Docs >> Forms >> Apps
There is a natural evolution of platform technologies from document publishing to forms processing to application delivery. The Web is the leading example of this, but Adobe Acrobat PDF and Microsoft InfoPath are on their way.
The W3C has finally published its specification for XForms 1.0, after much delay and without the participation of Microsoft (not surprisingly). XForms is intended to make Web-based forms more usable by doing a better job of separating data values from form description and supporting cascading style sheets. The main benefit of these improvements is to make forms more reusable and easier to change and maintain with less re-coding.
There is an interesting evolution of platform technologies that start out as simple document publication frameworks (displaying read-only text and graphics to users), then, presumably under pressure from users, these platforms get extended to support forms (meaning that users can enter data which is then written back to a database on the server).

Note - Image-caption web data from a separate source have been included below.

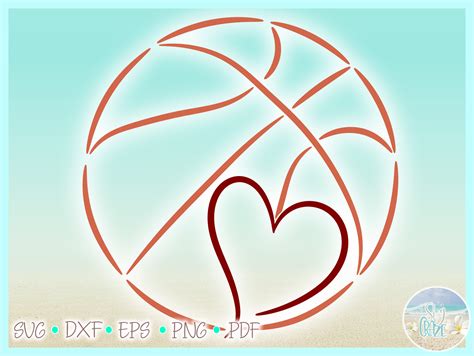 Basketball With Heart Sports Enthusiast Svg Dxf Eps Png Pdf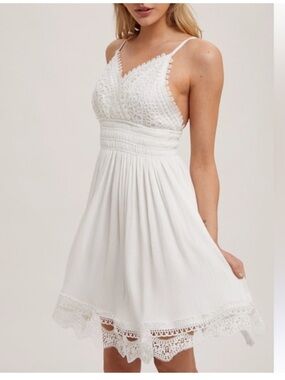 Zara White Crochet Bodice Spaghetti Strap Top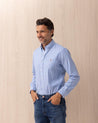 Camicia Polo Ralph Lauren azzurra in popeline di cotone 710 886462004 POLO RALPH LAUREN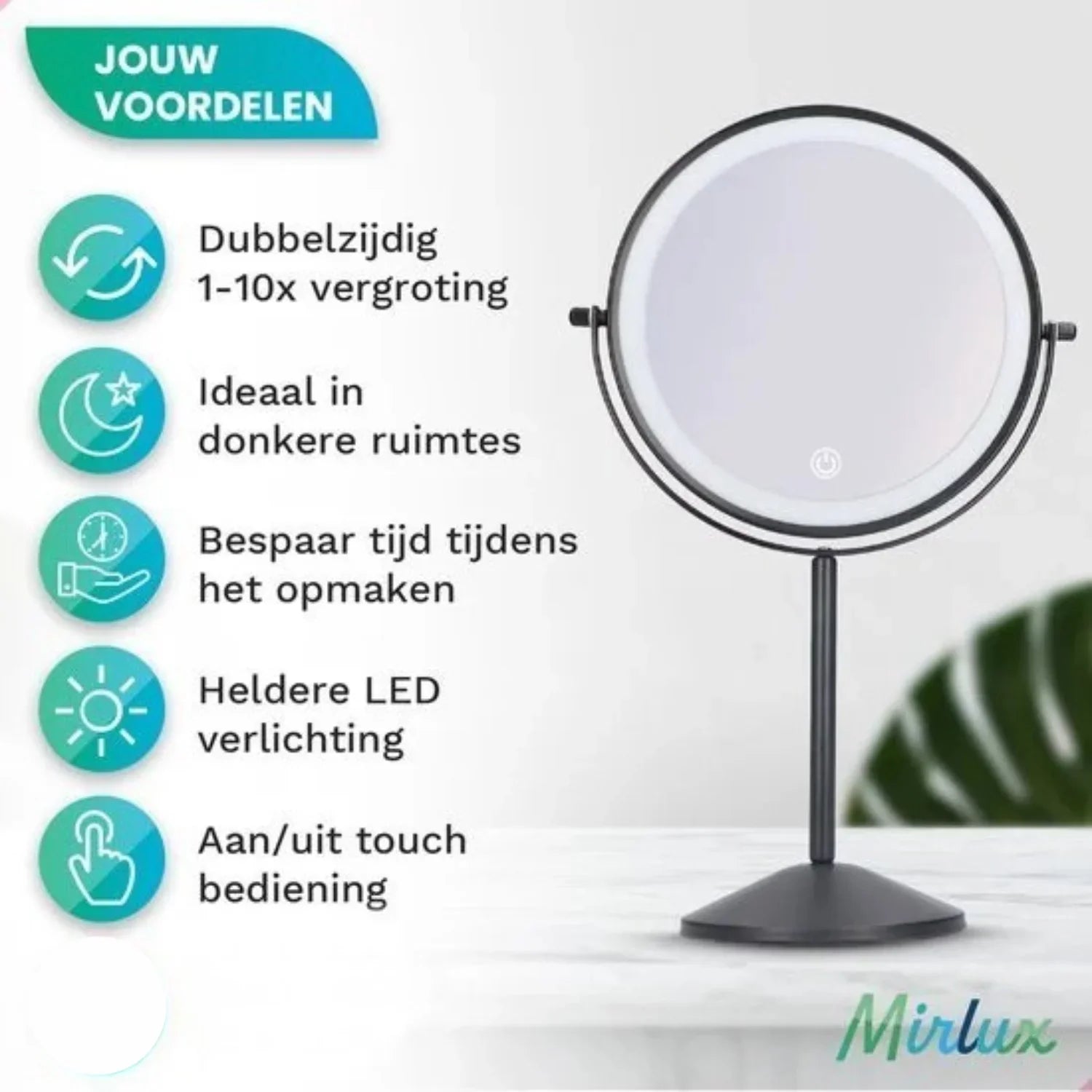 Make-Up Spiegel - Uppladdningsbar - Svart - 1-10x Förstoring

The next logical step is to make these forms increasingly dynamic until they come to resemble full-fledged application delivery platforms.
This is exactly the evolution that the Web itself has undergone over the past 10 years. Most people agree that the Web does a fine job for publishing documents -- the truly revolutionary paradigm shift that the Web has delivered to date has been allowing all businesses to have universally accessible marketing materials on-line and to let anyone in the world do research through Google rather than the much, much more tedious means available before the Web. Web forms have allowed e-commerce to start to get a firm foothold. But Web technology is not as strong at forms processing as it is at doc publishing, as evidenced by the need for XForms at all. In the past few years, companies have tried hard to shoehorn full-blow applications into browsers using Web technologies, but these efforts have had very mixed results. Many vendors and standards groups have come out with a large stack of add-on technologies designed to patch up the problems that HTTP/HTML present for application developers. Other companies, like my own, have tried to rethink the application delivery problem from the ground up.